Ford has been working to help the honeybee population and partnering with Heroes to Hives was a natural progression.

Cormac Wright
Credit Ford

“I was aware of the plight of honeybees, but to me it was one of those abstract problems like a global warming that seems so big you don’t know where to begin to help,” says Cormac Wright, Global Energy Systems Project Manager at Ford. “I proposed a plan to Ford’s vice president for sustainability at various locations throughout Ford. We have such a large global footprint so this would be an opportunity to educate our employees and to have the conversation around what challenges are facing bees and how we could help.

“When we were rolling out hives at the world headquarters site, we had Adam in for a conversation on how we might help the bees. In the course of our conversation, he was telling me about Heroes to Hives and the issues they had with not having a location in southeast Michigan. And to me, it just seemed like such a great opportunity to step in and offer Ford property to help. We were establishing hives around the southeast Michigan area so if we could dedicate some to the Heroes to Hives Program, it seemed like our partnership could solve this issue for MSU.”

“This partnership is an opportunity for Heroes to Hives to explore these corporate partnerships,” adds Ingrao. “Ford is helping us by offering us a site, and we're also helping Ford by offering our training to their employees. We have 280 veterans and their dependents participating in the program. And we have 440 Ford employees participating in the program.

“And one of the things that I constantly hammer on with my students is we're in a situation where we don't need more beekeepers. We need more educated beekeepers. Because an uneducated beekeeper is just killing bees year after year and that's not helping the problem. That's exacerbating the problem.

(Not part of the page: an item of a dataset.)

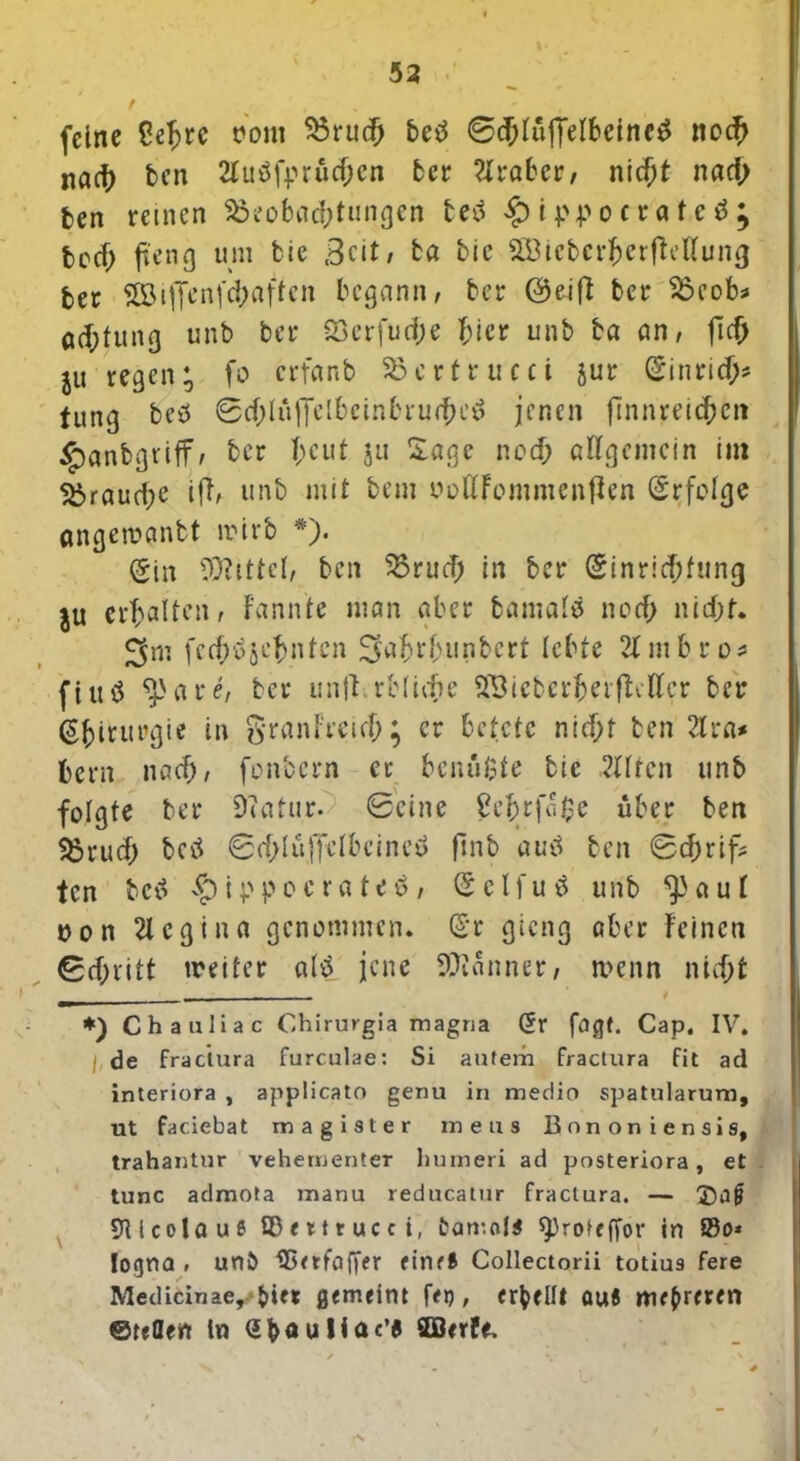 53 feine Celjrc uom S3ruc& betf 0cblujfelbeine$ noch nact) ben 2luöfprücbcn ber 2lraber/ nicht nach ten reinen ^Beobachtungen tetf £ippocrate3; fcccf; fteng um bie Beit, ba bic SBiebcrberfMlung bet 28tffenfch«ftcn begann, bet Oeifb bet 35eob* aefttung unb bet 33erfud)e hier unb ba an, fic^ jU regen; fo erfanb SBcrtrucci jur Sinricb* tung beö 0cbtü|TeIbeinbru<bc£ jenen finnreicbett ^anbgriff; bet beut ju 2«ge noch allgemein im brauche ift, unb mit bem »ottFommenflen Erfolge angemanbt trirb *). (£in Mittel, ben SBruch in bet Sinrichfung iu erbalten, Fannie man aber bamalö noch nicht. J^m feeb^sebnten 2fahrbunbcrt lebte 21 m b r o * fiud ^3are, bet unft.rblicbe SßicberberfWtcr bet Sbi^urgie in granFteich ♦ er betete nicht ben 21 ra* bern nach, fonbern et benutze bie ,2llten unb folgte bet SWatur. ©eine £ebtf«$e übet ben SJ3rud> betf ©fhlüjfelbcineö finb auä ben ©ebrif* ten betf vC)ippocrateö, (Selfuä unb ^aul ton 21 cgi na genommen. Sr gieng aber Feinen 0cbritt treiter alä jene Scanner, n^enn nicf>fc *) Chaaliac Chirurgia magna (5r fügt. Cap. IV. ( de fräciura furculae: Si aufem fractura fit ad interiora , applicato genu in medio spatularum, ut faciebat mag ist er mens Bonon iensis, trahantur vehementer humeri ad posteriora, et tune admota manu reducatur fractura. — 'JJaf 9UcolauS ©ettrucci, fcarr.ol* ^>roteffor in 83o* logna , unö ISetfaffer eine* CoIIectorii totius fere Medicinae, 5>ict gemeint feg, erhellt ouS mehreren ©teflen ln Gböuliac’« SDBerfe, :*N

“The partnership with Ford shows that we can have an impact by helping veterans, and through these corporate relationships, we can also foster and promote this type of education within an organization. Ford has a global sustainability initiative around pollinators. We want those individuals who want to be part of that initiative within Ford to be the best educated individuals so that they can actually contribute to solving this problem rather than contributing to the problem.”